I am sorry that you got those two crappy "comments", what the heck, how very very....

anywho, I myself do enjoy the appocolypse book & movie. I do realize I wouldn't make it, I don't have the might. For awhile, when younger, I wanted skills that would be needed for rebuilding society.

The book "Lucifer's Hammer" is about asteriod hits earth. One part said, when the Hammer hit, women's lib went out the window . Another part had people going to a refuge camp/fort...and they were asked what skills they had. And if they didn't, they were told to move along.

:-jon
http://www.imperium.org/better/

Pravritti said...

Another appeal of post apocalypse fiction is the escape with immediacy. The world is over and you are either trying to be one of the survivors. "Panic in Year Zero!" or "War of the Worlds" or "Day of the Triffids." These might be put in the same category as disaster stories. Everything going on your life gets reduced to immediate survival. The social consequences, What ideals can you take with you? That grows out of the survival part. When you flee your home from the volcano what do you take with you?

Action/adventure

So it is a question of how big a scale is the end of the world, or just your part of it? The emotional appeal is the same.

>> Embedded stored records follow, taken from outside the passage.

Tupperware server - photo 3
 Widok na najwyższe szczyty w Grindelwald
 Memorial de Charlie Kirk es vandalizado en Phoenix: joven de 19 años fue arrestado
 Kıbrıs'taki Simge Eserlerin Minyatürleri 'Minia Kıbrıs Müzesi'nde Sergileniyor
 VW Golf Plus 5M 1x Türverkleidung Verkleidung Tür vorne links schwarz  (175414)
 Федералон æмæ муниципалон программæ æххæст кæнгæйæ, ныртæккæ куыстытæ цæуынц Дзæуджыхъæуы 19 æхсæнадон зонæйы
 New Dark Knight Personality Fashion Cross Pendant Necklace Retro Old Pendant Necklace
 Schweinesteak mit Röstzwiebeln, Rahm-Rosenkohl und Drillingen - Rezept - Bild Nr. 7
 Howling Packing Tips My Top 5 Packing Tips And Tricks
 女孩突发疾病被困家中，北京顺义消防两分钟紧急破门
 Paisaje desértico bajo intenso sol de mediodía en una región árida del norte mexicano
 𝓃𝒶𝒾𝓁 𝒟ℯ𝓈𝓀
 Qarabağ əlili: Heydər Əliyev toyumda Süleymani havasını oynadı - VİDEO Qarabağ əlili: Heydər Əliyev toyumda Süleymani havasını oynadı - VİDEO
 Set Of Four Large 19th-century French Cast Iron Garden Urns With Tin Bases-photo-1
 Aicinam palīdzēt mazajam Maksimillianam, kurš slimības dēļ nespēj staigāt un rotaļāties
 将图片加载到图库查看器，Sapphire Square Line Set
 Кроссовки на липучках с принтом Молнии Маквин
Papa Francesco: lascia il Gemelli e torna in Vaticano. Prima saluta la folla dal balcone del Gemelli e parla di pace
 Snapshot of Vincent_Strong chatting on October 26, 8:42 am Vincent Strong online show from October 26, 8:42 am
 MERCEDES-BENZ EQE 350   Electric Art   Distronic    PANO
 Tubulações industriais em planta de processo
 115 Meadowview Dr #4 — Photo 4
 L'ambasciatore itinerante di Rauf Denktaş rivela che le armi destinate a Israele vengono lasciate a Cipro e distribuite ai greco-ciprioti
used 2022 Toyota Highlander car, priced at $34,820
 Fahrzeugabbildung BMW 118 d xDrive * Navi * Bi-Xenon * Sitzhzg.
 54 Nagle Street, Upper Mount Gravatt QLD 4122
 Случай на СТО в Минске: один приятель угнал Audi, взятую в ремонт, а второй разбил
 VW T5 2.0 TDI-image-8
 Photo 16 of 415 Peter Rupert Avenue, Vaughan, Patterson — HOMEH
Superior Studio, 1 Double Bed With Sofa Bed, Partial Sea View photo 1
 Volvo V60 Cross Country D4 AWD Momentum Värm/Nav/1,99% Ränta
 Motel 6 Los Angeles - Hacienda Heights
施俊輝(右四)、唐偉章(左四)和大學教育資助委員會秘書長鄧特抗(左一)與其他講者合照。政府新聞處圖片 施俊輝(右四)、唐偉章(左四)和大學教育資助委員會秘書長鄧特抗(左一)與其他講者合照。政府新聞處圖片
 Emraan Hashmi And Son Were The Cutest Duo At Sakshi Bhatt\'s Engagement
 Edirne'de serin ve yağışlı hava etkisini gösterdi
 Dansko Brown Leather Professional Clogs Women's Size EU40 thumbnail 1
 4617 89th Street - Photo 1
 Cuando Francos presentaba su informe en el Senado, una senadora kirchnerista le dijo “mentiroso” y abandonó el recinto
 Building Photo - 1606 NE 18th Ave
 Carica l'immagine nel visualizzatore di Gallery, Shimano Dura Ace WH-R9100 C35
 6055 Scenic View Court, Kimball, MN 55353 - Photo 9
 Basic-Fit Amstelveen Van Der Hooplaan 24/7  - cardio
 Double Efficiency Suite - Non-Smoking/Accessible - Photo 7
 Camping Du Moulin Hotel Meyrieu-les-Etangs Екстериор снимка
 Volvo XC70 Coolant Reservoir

"Farnham's Freehold" with the leap through time has the tension of, what makes us civilized? The question arises with survival, and the values (familial, social, political) emerge from the circumstances.

Survival as a measure of character, and ego appeal, with more drama through twists. Other elements are there, but the survival story is the root.

The slow collapse story is under done, such as society heading into and through civil war, maybe the real story "Beirut Fragments: A War Memoir," by Jean Said Makdisi. For this type of reduction, trying to keep one's perspective/awareness, inner identity and values in the face of reality and trauma, "Lolita in Tehran" by Azar Nafisi.

"Earth Abides" by George R. Stewart, takes away from the immediate and creates some distance. It has more a focus on the keeping grounded amidst possibilities. The grand ideals, wonderful plans, that aren't in the cards. The measure of how effective you can be, part of your place in the world. Part of getting old is what is left undone? "The Scarlet Plague" by Jack London seems not to far away, trying to get the kids to understand.

There is also the grander scope of a prolonged war, such as Well's "Things to Come" or slow collapse, Asimov's "Foundation" series, and "First and Last Men" by Olaf Stapledon. Here the appeal is the far future, and the themes from history brought out into fiction form. You get to participate even as spectator in the civilizations that rise and fall. Hence in Video Games, the immediate, "Shadow of Chernobyl" or the turn based "Civilization."

One to note here is the mood appeal in the "Carter of Mars" series by Edgar Rice Burroughs. These start with characters who have a sense of a transition from the destruction of the Native American world, the civil war, the end of the frontier, to something beyond as that becomes history, but it lives on...strangely a call for modern adventure, that there is still something unconquered, or to conquer!


There is also the emotional appeal of the dark, "The Road" by Cormac McCarthy. To think the unthinkable and find an emotional appeal. Dark Horror! It ends badly even if postponed for awhile.

That might also bring into the fold "The Omega Man" with Charlton Heston as the sacrifice, the more mythical aspects of tragedy and its dramatic appeal.

There is also a few that create spaces to project into for other emotional themes, for instance "White Plague" by Frank Herbert reads differently if you know about his wife.